Beni culturali, 5 milioni di euro per interventi di recupero e riqualificazione
La Regione Umbria avvia un nuovo percorso di valorizzazione dei beni culturali, mettendo a disposizione 5 milioni di euro per interventi di recupero e riqualificazione su tutto il territorio regionale.
Con la pubblicazione di un apposito avviso, rivolto agli enti pubblici, la Regione intende raccogliere proposte e idee di intervento su luoghi e spazi di valore culturale, storico, artistico e architettonico. L’obiettivo è ascoltare i bisogni dei territori e costruire un Programma regionale di interventi, finanziato attraverso il Fondo per lo sviluppo e la coesione (FSC).
Attraverso la fase di ricognizione, la Regione potrà individuare interventi strategici di recupero e riqualificazione dei beni, con attenzione alla sicurezza degli edifici, al miglioramento delle prestazioni energetiche e alla possibilità di restituire questi spazi a un uso culturale più accessibile e funzionale.
Gli interventi selezionati saranno realizzati secondo una programmazione pluriennale per consentire una gestione realistica dei lavori e garantire l’utilizzo completo delle risorse disponibili. Il contributo regionale coprirà fino all’80% delle spese ammissibili, con un cofinanziamento minimo del 20% a carico dei soggetti beneficiari. Saranno considerati progetti con una dimensione finanziaria (comprensiva del cofinanziamento minimo) tra 500mila euro e 1 milione e 500 mila euro.

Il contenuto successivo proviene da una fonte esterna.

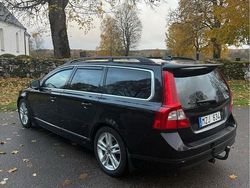 Svart Begagnad 2013 Volvo V70 Momentum Kombi | 80 000 kr (Marknadspris)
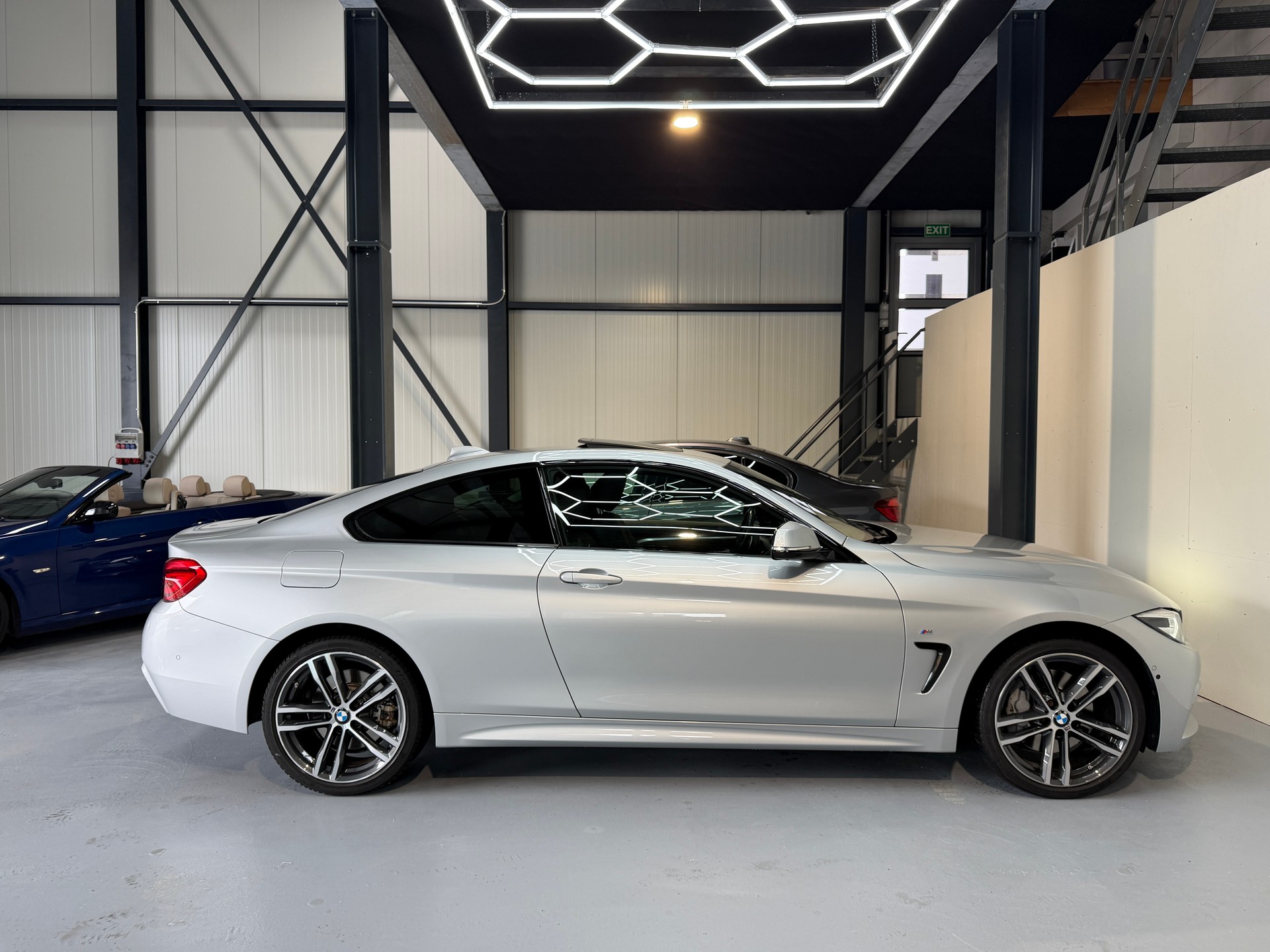 BMW 440i Coupé xDrive M Sport Steptronic-image-4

“Mettiamo in campo uno strumento concreto per ascoltare i territori e costruire una visione di lungo periodo per i luoghi della cultura umbri – dichiara il vicepresidente e assessore alla Cultura, Tommaso Bori – Questo percorso ci permetterà di intervenire in modo mirato, valorizzando il patrimonio pubblico non solo come bene da tutelare, ma come risorsa strategica per la crescita culturale e l’attrattività dei territori. L’Umbria – aggiunge il vicepresidente – possiede una naturale vocazione alla bellezza, custodita in una rete diffusa di borghi, musei e spazi storici. Investire in questi luoghi significa onorare la nostra storia, fatta di arte e spiritualità, rendendo giustizia a un territorio che è, per sua natura, un museo a cielo aperto. Vogliamo che ogni intervento di riqualificazione non sia solo un restauro architettonico, ma un atto di valorizzazione di quella ‘identità umbra’ che attrae visitatori da tutto il mondo e che deve tornare a essere motore di sviluppo sociale ed economico per le nostre comunità”.
L’avviso è stato pubblicato nel Bollettino Ufficiale della Regione Umbria, la manifestazione di interesse deve essere trasmessa entro 60 giorni dalla pubblicazione secondo le modalità indicate nell’avviso.